XLRDError: Unsupported format, or corrupt file: Expected BOF record; found b'\r\n\r\n\r\n\r\n'

Wed Sep 29 23:53:44 EDT 2021

On Thursday, September 30, 2021 at 9:20:37 AM UTC+8, hongy... at gmail.com wrote:
> On Thursday, September 30, 2021 at 5:20:04 AM UTC+8, Peter J. Holzer wrote: 
> > On 2021-09-29 01:22:03 -0700, hongy... at gmail.com wrote: 
> > > I tried to convert a xls file into csv with the following command, but failed: 
> > > 
> > > $ in2csv --sheet 'Sheet1' 2021-2022-1.xls 
> > > XLRDError: Unsupported format, or corrupt file: Expected BOF record; found b'\r\n\r\n\r\n\r\n' 
> > > 
> > > The above testing file is located at here [1]. 
> > > 
> > > [1] https://github.com/hongyi-zhao/temp/blob/master/2021-2022-1.xls 
> > Why is that file name .xls when it's obviously an HTML file?
> Good catch! Thank you for pointing this out.
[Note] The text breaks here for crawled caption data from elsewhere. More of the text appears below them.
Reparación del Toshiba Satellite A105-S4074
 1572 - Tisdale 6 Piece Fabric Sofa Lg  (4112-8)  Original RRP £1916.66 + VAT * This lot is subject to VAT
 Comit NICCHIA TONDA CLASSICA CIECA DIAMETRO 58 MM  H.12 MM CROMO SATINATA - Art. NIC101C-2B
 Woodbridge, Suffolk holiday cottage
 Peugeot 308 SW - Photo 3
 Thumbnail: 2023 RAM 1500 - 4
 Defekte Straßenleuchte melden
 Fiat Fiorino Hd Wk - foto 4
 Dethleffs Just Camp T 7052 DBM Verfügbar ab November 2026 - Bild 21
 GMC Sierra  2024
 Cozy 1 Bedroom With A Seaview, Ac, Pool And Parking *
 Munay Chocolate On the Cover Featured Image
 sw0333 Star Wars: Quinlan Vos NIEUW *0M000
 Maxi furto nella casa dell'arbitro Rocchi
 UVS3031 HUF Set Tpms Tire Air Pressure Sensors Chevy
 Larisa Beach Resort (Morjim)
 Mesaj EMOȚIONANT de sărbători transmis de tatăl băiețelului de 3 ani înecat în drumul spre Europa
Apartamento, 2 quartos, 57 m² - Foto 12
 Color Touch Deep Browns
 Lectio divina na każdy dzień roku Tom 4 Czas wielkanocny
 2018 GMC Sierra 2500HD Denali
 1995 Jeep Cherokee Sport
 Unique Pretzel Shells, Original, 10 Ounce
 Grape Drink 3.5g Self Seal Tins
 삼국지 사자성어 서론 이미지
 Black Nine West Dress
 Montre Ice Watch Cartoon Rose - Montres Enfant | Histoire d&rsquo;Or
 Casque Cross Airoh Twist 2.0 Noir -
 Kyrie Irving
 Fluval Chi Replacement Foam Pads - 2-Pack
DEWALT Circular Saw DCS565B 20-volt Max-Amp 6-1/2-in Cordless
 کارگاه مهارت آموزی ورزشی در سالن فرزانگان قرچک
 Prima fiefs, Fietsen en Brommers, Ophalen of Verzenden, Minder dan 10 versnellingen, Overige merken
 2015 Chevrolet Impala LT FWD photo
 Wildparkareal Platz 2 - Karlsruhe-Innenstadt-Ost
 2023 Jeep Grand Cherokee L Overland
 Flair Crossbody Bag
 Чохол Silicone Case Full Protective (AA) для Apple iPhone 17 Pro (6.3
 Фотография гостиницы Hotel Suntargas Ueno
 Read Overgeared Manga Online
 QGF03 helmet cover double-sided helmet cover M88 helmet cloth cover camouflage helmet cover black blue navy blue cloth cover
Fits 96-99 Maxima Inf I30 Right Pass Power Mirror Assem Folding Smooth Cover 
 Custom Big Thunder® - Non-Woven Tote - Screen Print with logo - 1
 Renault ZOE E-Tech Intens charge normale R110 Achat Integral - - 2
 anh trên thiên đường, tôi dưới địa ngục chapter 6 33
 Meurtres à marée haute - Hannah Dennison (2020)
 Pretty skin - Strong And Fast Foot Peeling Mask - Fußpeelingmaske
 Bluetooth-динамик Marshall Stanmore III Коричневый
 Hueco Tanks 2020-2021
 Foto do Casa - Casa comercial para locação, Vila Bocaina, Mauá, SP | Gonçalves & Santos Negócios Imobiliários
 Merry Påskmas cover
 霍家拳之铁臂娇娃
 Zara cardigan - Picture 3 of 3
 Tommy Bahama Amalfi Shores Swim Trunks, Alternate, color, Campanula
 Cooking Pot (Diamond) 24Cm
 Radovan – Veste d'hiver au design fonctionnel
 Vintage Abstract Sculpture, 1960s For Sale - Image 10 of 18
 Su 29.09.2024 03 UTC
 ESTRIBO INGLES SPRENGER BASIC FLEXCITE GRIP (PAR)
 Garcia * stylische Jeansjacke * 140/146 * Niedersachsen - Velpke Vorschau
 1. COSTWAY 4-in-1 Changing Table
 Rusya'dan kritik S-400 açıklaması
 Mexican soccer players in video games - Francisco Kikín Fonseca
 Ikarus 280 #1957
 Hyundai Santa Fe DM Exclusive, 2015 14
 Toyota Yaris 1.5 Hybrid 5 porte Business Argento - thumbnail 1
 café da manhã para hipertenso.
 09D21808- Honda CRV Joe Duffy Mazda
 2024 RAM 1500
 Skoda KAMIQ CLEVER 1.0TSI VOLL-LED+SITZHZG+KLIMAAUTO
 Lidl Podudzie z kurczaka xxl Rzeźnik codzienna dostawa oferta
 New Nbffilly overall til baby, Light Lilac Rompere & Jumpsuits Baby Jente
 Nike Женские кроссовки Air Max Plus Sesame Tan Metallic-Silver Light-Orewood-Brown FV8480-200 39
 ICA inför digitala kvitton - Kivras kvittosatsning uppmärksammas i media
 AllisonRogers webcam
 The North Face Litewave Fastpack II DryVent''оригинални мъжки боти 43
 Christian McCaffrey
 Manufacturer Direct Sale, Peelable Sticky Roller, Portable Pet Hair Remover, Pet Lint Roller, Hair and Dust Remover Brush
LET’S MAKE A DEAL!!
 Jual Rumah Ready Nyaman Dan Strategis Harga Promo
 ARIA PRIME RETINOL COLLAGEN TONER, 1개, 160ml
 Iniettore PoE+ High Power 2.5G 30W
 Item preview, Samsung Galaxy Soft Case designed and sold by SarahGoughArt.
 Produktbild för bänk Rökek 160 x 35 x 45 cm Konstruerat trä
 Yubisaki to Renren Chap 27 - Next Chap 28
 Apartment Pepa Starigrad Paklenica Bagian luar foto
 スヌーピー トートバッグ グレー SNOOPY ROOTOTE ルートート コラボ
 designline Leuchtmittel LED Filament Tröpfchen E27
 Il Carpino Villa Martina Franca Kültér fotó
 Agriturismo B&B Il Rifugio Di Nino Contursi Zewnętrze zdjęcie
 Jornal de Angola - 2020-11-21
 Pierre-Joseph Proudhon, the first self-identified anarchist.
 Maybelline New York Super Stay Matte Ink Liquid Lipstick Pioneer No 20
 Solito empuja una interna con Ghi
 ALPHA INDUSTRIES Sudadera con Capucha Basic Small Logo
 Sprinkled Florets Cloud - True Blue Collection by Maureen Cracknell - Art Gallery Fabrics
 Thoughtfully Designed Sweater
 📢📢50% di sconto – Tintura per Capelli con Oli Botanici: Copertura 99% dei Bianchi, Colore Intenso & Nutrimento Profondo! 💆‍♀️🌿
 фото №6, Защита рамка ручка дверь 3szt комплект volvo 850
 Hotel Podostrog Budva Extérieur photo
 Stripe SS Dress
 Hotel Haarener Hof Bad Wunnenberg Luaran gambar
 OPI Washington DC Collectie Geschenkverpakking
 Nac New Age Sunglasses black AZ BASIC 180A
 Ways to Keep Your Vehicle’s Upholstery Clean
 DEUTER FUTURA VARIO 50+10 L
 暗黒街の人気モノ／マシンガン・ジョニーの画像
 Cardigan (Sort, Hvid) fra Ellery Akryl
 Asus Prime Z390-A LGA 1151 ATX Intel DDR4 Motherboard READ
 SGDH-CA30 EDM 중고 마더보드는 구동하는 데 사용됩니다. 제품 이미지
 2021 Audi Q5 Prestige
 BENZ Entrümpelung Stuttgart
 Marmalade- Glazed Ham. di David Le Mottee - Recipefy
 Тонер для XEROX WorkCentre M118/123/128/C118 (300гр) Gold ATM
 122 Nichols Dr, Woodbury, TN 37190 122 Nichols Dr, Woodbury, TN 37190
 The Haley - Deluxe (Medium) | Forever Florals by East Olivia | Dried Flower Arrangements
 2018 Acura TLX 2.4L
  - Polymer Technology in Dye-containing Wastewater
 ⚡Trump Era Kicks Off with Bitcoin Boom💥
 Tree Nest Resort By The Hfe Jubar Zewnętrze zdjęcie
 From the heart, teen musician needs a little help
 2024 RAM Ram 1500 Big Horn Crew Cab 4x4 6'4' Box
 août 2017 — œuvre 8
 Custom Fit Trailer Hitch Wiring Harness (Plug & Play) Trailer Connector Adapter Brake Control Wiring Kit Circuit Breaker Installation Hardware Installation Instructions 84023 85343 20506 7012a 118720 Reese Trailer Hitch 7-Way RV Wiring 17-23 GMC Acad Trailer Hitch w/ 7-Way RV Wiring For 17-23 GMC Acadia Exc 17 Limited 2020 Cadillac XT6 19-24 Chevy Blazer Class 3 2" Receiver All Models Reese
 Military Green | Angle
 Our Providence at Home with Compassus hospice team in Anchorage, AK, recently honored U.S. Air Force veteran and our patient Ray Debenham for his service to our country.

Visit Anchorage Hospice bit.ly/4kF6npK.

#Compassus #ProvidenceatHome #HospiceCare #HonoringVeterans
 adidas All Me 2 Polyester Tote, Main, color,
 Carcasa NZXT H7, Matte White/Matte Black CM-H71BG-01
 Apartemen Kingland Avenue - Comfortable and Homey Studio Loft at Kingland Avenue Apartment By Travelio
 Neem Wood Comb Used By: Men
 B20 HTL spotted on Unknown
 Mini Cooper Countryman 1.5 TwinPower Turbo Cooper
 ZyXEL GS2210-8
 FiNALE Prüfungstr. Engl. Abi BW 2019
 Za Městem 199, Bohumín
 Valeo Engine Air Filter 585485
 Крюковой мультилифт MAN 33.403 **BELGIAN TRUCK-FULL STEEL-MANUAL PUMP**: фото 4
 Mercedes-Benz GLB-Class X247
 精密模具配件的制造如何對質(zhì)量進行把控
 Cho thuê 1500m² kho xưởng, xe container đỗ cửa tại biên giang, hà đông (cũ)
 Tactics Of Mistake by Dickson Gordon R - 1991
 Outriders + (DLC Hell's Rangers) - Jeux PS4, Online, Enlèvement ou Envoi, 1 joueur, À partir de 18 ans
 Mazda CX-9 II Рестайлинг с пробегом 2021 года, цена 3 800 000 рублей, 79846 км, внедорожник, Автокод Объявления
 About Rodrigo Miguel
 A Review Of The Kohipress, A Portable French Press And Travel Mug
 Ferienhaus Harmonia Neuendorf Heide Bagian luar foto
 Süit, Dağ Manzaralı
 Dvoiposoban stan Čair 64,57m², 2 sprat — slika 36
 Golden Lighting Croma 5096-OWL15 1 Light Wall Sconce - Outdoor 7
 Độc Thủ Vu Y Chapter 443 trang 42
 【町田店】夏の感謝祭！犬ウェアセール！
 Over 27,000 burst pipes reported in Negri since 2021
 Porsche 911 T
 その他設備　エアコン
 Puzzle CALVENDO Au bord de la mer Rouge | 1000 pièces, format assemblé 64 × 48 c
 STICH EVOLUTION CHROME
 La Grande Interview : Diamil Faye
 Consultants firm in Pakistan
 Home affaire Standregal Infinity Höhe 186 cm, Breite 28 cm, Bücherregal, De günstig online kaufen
This file is automatically exported from my university's teaching management system, and it was assigned the .xls extension by default. 

According to the above comment, after I change the extension to html, the following python code will do the trick:

import sys
import pandas as pd

if len(sys.argv) != 2:
    print('Usage: ' + sys.argv[0] + ' input-file')
    exit(1)

myhtml_pd = pd.read_html(sys.argv[1])
#In [25]: len(myhtml_pd)
#Out[25]: 3

for i in myhtml_pd[2].index:
    if i > 0:
        for j in myhtml_pd[2].columns:
            if j >1 and not pd.isnull(myhtml_pd[2].loc[i][j]):
                print(myhtml_pd[2].loc[i][j])

HZ